Var tabii.. Geçenlerde yazdımdı ya.. 1977 yılında Amerika'da aldığım ilk cinim.. Bizde adı kottur.. Öyle bir marka idi ki kot, tüm cinse adını vermişti. Hâlâ insanlar dükkâna girdiklerinde "kot" diye soruyorlar, ama ne yazık ki kotun kendisi artık piyasada yok. Üretilmiyor.. Böyle bir marka nasıl ölü duruyor anlamam mümkün değil..
İlk kotumu 38 yaşında Amerika'da aldım.. Çünkü bizde yayıldığında, ben 30'ları yaşıyor ve kot giymek için kendimi fazla yaşlı buluyordum. Teenagerların giyimi idi kot da ondan.. Amerika'da kayınpederi kotla görünce "Hadi Holly" dedim.. Çıktık, o kotu aldık.. Levi tabii.. En ünlü marka oydu, onun için..
Levi adlı bir Yahudi, altına hücum devrinde Avrupa'dan çadır bezi ısmarlamış, gemi dolusu.. Fransa'nın Nimes kentinde üretilmiş... 'de Nimes' (Nimes'den demek) diye damga var üzerlerinde.. Amerikalılar ve onlara uyanlar, bizim kot karşılığı "Dönim" derler, bundan..
Levi efendinin elinde kalmış çadır bezleri.. Batacak.
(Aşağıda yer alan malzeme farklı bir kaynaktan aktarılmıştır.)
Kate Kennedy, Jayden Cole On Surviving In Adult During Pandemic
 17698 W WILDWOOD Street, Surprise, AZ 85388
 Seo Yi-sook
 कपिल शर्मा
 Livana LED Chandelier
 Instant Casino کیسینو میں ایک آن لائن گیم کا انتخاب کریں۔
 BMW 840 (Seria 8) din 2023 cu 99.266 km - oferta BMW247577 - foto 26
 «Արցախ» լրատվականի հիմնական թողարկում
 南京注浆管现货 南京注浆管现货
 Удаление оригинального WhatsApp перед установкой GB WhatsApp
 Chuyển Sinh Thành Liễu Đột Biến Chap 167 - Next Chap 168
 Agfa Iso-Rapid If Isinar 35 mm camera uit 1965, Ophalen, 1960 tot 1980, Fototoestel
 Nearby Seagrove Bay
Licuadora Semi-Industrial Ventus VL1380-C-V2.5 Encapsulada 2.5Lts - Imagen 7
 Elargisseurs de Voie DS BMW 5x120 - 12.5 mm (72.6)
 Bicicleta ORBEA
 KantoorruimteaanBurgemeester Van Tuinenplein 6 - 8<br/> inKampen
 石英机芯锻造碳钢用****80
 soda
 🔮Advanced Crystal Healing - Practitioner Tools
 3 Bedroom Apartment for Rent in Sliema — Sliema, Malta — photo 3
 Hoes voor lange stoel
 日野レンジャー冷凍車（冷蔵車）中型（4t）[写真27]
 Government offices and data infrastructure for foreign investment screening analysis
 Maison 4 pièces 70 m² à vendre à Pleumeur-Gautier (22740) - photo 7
Kafayı çalıştırmış.. Böyle durumlarda kafayı en iyi çalıştıran insanlardır Yahudiler bilirsiniz.. "Buruşmaz, ütü gerektirmez, aşınmaz, ömür boyu yıka giy" diye pantolon yapmış, üzeri 'de Nimes' damgalı çadır bezlerini.. Kot pantolonun, 'de Nimes' adının ve Levi markasının doğuşu bu..
Bir tane giydim denemek için.. Cuk oturdu.. "Tamam" dedim.. Tezgâhtar kız "Değil.. Bu uzun" dedi.. "Size 36/31 gerek.."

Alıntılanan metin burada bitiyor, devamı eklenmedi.